Parlons de votre bilan, puisque vous aspirez à diriger notre ville. Il est introuvable. Adjoint au commerce sous le précédent mandat : quelles enseignes avez-vous attirées ? Quels commerces avez-vous sauvés ? Quel dynamisme avez-vous insufflé au tissu économique local ? Quelles actions concrètes êtes-vous le plus fier ? Le silence qui répond à ces questions est assourdissant.
Et vous voilà aujourd’hui poussant les portes des commerçants noiséens pour une vidéo de campagne — vous qui n’avez pas su les défendre quand vous en aviez le pouvoir ?!
Parlons de vos tribunes dans le magazine municipal, cet espace précieux où l’opposition peut s’exprimer.
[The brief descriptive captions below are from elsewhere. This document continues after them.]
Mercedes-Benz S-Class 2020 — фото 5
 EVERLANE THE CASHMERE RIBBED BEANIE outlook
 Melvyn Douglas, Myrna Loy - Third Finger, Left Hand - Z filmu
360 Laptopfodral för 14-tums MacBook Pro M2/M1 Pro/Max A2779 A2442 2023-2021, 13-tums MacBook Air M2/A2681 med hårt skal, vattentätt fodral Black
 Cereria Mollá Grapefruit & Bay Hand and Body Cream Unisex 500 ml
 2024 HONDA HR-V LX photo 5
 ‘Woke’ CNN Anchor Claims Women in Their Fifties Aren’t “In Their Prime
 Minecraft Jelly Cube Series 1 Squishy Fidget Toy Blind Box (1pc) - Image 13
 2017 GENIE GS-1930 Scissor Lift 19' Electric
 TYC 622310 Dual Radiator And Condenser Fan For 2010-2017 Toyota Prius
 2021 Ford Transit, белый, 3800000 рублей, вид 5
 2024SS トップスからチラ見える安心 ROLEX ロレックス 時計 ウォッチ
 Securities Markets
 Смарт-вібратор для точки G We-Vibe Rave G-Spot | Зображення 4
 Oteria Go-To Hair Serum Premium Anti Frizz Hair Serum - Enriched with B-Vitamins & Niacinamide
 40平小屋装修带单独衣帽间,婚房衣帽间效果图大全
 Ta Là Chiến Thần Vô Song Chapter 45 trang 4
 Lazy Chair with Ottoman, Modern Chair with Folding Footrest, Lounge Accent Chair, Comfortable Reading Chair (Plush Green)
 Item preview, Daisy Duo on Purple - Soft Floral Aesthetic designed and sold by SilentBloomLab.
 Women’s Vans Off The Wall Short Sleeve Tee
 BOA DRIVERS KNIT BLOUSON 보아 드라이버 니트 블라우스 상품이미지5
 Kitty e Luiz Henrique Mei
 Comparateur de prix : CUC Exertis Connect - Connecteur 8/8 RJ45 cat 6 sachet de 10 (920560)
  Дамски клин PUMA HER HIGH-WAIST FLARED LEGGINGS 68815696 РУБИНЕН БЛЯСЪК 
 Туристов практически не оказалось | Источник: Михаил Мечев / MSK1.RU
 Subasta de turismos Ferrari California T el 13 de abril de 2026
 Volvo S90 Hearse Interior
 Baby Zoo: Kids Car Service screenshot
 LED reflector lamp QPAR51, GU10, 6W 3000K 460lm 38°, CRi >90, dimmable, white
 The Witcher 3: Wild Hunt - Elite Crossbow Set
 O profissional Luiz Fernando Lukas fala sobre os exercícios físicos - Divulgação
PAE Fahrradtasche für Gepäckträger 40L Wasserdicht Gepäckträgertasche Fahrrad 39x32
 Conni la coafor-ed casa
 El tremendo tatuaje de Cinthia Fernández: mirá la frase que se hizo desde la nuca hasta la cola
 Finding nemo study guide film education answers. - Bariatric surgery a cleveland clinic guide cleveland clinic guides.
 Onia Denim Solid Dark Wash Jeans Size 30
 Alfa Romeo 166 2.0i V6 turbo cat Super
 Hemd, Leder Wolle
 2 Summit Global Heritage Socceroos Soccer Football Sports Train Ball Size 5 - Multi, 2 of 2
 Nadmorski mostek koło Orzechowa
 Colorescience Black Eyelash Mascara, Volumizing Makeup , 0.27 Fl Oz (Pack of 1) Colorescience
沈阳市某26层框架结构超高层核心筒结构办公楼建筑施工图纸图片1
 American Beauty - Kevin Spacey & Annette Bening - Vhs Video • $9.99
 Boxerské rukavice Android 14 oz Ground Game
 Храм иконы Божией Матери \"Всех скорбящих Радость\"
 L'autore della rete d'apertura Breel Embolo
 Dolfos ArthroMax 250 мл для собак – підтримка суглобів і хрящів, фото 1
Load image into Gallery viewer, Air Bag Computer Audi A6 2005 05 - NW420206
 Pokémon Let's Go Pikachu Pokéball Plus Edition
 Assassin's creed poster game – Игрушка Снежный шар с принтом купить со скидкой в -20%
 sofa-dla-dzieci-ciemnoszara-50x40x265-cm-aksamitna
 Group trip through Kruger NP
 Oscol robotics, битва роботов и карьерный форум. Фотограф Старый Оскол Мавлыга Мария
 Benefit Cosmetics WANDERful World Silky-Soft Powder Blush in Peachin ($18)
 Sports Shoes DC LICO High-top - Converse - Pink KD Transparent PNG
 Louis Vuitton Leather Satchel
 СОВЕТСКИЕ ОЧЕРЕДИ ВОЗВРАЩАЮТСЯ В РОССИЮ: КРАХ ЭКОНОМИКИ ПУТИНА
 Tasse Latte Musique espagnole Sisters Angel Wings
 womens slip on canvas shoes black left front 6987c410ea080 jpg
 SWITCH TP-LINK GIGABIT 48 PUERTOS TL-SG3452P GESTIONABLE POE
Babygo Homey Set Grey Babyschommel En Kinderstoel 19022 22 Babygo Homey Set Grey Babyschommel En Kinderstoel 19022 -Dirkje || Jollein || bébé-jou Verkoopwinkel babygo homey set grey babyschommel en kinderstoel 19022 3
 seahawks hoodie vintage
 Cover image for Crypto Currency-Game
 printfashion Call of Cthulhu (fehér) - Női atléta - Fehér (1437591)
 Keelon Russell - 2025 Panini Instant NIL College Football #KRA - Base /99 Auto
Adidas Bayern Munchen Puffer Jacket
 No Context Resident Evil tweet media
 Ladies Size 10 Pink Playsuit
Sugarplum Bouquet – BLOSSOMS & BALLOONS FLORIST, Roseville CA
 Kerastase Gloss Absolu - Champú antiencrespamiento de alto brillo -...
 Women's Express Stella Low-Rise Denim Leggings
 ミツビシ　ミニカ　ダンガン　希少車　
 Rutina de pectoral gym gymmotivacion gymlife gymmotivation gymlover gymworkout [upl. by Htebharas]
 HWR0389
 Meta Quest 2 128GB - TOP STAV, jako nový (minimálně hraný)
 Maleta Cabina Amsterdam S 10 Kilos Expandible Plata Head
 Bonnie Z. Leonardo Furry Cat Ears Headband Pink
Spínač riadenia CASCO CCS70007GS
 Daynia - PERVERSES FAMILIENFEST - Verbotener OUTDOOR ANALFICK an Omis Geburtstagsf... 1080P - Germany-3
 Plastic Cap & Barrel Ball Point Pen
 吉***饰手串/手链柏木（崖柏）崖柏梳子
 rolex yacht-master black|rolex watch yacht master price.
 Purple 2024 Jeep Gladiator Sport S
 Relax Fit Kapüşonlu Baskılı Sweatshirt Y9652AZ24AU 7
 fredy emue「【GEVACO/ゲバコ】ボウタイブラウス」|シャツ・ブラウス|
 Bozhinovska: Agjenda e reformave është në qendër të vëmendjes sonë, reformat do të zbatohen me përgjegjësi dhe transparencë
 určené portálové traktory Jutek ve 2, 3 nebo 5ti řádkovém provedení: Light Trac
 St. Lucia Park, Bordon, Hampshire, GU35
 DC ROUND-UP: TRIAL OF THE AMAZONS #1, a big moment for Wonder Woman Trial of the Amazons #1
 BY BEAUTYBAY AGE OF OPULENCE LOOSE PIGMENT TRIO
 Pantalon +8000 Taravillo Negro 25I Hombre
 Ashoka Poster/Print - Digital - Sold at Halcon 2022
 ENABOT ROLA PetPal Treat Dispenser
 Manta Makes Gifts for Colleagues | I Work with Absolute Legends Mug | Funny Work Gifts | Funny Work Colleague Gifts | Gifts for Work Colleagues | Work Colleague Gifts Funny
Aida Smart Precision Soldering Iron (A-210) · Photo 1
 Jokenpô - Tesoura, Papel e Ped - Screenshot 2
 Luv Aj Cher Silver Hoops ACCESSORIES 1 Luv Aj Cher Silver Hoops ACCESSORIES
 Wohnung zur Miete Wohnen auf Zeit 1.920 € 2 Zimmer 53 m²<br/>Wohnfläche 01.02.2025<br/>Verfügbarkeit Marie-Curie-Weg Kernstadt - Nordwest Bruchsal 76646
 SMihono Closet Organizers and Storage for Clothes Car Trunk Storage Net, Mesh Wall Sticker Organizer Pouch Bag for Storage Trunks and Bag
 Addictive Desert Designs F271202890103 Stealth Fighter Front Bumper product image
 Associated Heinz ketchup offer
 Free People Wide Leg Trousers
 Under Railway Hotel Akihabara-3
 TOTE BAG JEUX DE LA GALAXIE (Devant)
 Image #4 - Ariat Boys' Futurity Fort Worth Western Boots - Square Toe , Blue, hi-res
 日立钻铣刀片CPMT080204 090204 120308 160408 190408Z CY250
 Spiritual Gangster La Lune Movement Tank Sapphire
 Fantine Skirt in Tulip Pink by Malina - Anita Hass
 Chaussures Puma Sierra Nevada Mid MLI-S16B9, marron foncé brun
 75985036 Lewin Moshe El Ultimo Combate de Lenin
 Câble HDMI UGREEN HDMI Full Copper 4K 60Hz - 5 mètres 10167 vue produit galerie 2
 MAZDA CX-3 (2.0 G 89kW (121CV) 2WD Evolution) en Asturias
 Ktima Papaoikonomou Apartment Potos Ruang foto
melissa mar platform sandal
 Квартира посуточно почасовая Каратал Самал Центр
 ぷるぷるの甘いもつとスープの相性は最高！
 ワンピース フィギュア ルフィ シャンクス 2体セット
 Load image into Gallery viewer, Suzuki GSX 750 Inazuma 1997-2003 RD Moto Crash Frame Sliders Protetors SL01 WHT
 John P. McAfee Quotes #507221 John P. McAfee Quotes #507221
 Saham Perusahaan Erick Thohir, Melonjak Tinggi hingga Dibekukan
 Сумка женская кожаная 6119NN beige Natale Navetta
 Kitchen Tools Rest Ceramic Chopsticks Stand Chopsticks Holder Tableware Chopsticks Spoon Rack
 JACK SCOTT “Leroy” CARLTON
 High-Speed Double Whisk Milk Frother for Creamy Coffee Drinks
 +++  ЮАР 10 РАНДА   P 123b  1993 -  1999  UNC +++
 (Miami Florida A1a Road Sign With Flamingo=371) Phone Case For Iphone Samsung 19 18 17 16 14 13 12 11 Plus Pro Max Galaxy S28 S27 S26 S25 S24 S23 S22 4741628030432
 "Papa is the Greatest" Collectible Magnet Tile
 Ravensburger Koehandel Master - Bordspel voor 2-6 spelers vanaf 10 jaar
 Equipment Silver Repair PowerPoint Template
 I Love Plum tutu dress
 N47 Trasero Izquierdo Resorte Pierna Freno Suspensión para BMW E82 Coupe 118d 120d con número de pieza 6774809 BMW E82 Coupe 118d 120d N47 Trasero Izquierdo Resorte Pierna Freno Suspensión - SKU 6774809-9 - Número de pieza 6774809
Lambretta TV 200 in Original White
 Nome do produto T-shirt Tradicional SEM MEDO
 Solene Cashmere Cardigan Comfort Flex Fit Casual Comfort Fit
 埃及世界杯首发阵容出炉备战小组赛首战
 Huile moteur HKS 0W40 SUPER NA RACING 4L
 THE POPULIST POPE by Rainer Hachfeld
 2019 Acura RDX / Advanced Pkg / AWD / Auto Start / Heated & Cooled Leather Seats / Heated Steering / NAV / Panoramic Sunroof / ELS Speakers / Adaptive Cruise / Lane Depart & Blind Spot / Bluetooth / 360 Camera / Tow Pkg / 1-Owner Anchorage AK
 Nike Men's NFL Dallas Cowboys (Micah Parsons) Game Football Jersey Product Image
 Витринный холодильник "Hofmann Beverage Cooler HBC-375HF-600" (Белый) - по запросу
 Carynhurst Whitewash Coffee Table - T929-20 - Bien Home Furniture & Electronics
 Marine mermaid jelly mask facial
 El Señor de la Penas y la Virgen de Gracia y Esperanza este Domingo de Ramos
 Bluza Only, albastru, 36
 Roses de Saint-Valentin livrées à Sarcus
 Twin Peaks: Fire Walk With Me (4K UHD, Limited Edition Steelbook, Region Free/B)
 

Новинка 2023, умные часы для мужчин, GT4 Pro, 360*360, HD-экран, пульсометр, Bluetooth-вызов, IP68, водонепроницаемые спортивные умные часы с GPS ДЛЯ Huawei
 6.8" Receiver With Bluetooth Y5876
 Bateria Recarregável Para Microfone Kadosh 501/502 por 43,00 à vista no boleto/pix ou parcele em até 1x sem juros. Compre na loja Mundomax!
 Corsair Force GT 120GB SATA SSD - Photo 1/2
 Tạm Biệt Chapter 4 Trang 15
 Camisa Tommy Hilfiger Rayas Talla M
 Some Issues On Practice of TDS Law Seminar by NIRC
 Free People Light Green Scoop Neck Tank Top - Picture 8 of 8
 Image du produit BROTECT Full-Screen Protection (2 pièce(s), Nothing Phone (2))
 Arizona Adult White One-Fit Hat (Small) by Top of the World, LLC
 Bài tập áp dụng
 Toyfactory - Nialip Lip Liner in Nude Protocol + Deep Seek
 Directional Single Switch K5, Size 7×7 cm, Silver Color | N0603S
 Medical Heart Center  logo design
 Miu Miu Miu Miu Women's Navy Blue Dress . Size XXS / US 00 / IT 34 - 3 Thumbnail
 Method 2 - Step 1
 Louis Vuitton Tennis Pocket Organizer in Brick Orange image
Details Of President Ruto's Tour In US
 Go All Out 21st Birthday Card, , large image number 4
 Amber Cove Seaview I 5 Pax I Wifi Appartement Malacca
Les vôtres ? Tantôt absentes pour « problème d’email » — à l’ère du numérique, quelle excuse ! — tantôt si consensuelles qu’on les confondrait avec des cartes de vœux. Une tribune d’opposition, Monsieur Franceschini, ça s’oppose. Ça questionne. Ça dérange. Celle de septembre ressemblait davantage à un faire-part qu’à un acte politique.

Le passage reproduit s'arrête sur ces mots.